Data extracted from a collection:
-----

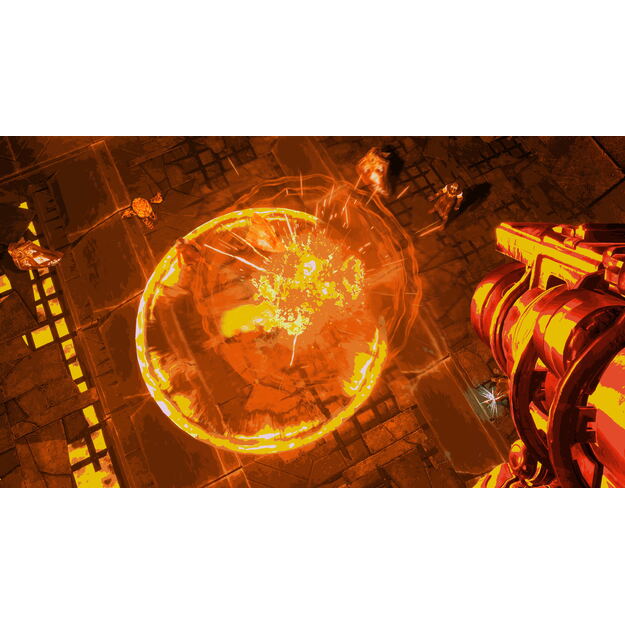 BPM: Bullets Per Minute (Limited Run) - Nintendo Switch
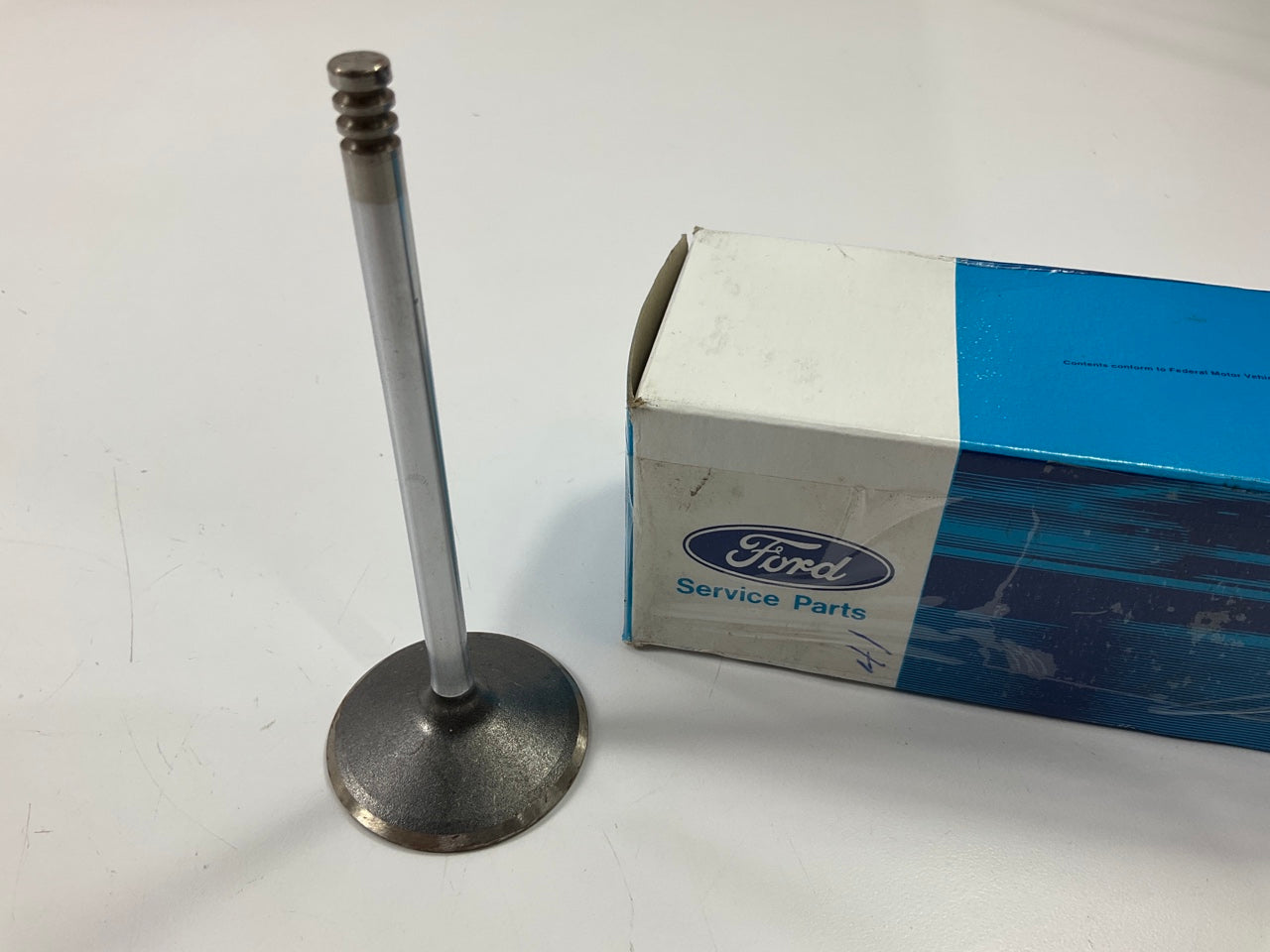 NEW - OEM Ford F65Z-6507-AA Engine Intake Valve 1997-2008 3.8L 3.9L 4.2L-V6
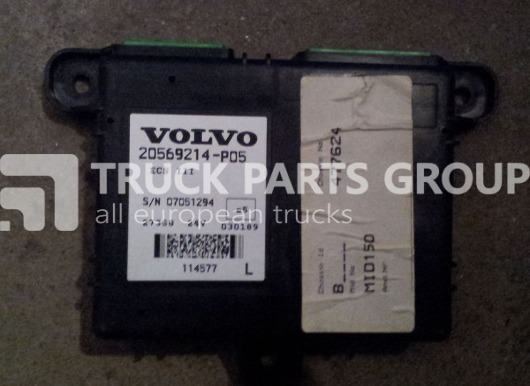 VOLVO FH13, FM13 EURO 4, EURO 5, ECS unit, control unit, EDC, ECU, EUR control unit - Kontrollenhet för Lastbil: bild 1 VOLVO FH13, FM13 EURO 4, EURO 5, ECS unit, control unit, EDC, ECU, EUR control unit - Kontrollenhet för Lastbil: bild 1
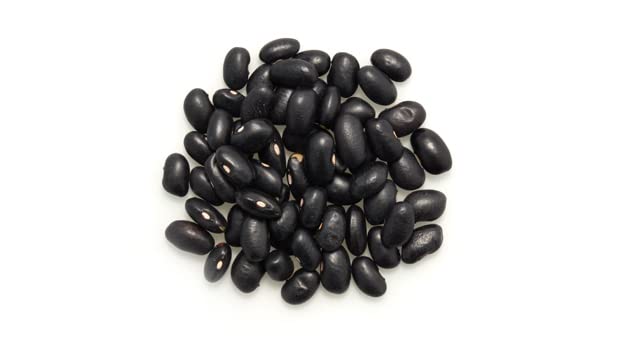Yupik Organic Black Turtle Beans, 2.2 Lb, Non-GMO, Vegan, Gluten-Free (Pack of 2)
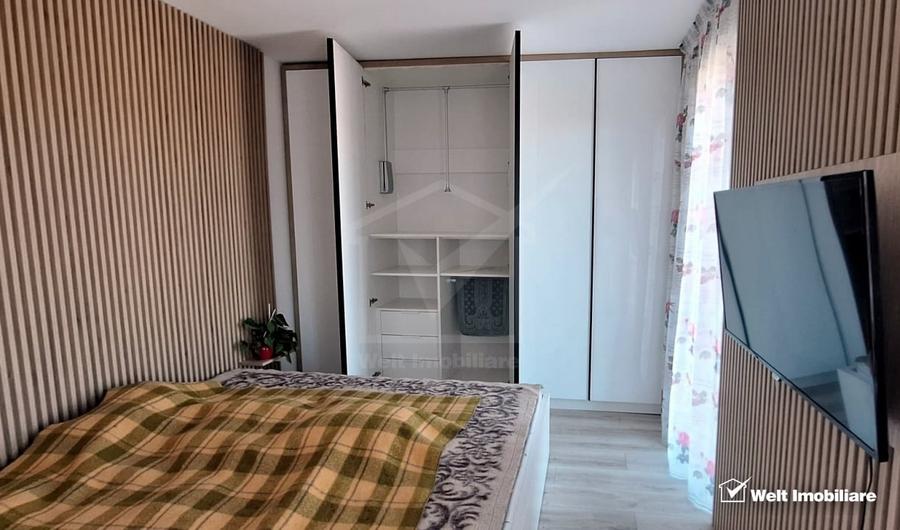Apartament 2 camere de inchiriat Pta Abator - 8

-----

(Directions for this task)
Hand back exactly the lines from the one with "Yupik Organic Black" through the last line of the data above, both ends included, with every picture left out.

(Expected answer)
Yupik Organic Black Turtle Beans, 2.2 Lb, Non-GMO, Vegan, Gluten-Free (Pack of 2)
Apartament 2 camere de inchiriat Pta Abator - 8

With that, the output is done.